AUSWR
The Association of U S West Retirees
 

 

 

Ford Retiree Deal Won't Suit GM, CEO Says
By Peter Whoriskey, Staff Writer
Washington Post
Wednesday, March 18, 2009 

When Ford and the United Auto Workers reached an agreement last month on retiree health care, it was touted as a model for the industry, one that could save the companies from faltering under the multibillion-dollar burden.

But General Motors chief executive G. Richard Wagoner Jr. yesterday emphasized that the Ford approach does not suit GM.

"The Ford program does not meet our needs at all," he told reporters at a Washington breakfast.  "It probably works for Ford, it doesn't work for us.  We need to do something different."
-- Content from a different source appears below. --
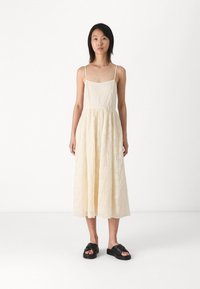 Vestido maxi color crema con tirantes finos, tela texturizada, cuerpo ajustado y falda fluida. Llevado con sandalias de plataforma negras.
How to handle retiree health care has emerged as one of the key challenges facing the auto companies.

GM owes an estimated $20 billion to a retiree health fund; Chrysler owes $10 billion.

Under the terms of their loan agreement with the federal government, each company must attempt to strike a union deal by March 31 that would allow them to pay half of their retiree health obligations in stock rather than cash.

Ford's agreement to pay half its retiree health costs in stock was viewed as a potential framework for GM and Chrysler.  But there are significant differences between the Ford deal and the type of agreement GM and Chrysler can make.

"Because of demographics, because of history, et cetera, we can have some different needs," Wagoner said.  "So what works for Company A doesn't always work for Company B."

One of the key differences is that under the Ford agreement, the company gives up the right to pay its obligations in stock under certain circumstances.

For example, Ford loses the option to pay in stock when the stock price dips below $1 or when it receives a note from its auditors stating it is at risk of no longer remaining a "going concern."

GM has already received such a warning from its auditor.

Moreover, the relative burden of retiree health-care costs is different for GM and Ford.

Ford owes $13.1 billion to its retiree health fund, while its market capitalization is about $5.5 billion.

By contrast, GM owes $20 billion to the retiree health fund and has a market capitalization of $1.5 billion.

Together, GM and Chrysler must try to reach new retiree health-care agreements with the union in order to keep their $17.4 billion in loans.  Both companies, moreover, are seeking additional assistance.

As auto sales continue to slide, Chrysler chief executive Robert L. Nardelli is also seeking additional funds for Chrysler Financial, on top of a $1.5 billion loan from the Treasury Department.

"We have gone back to Treasury and said 'we need to re-up that amount,' " he told the financial cable television channel CNBC yesterday.  "We saw the evidence of how that works."

Nardelli didn't give an exact figure, but more loans would open up Chrysler Financial to a wider range of qualifying customers and increase sales as much as 20 percent, he said.

Some members of Congress have suggested other forms of help as well.  In a push to get gas-guzzlers off the road and spur new-car sales, Rep. Betty Sutton (D-Ohio) introduced legislation yesterday that would offer cash incentives to people willing to scrap their old cars and trucks.

Consumers would receive $3,000 to $5,000 for turning in vehicles that are at least 8 years old to buy more fuel-efficient vehicles or use mass transit.  To qualify for the program, new-car purchases must meet a minimum of 27 mpg on the highway and new trucks must meet 24 mpg.  The better the fuel efficiency, the bigger the incentive.

Staff writer Kendra Marr contributed to this report.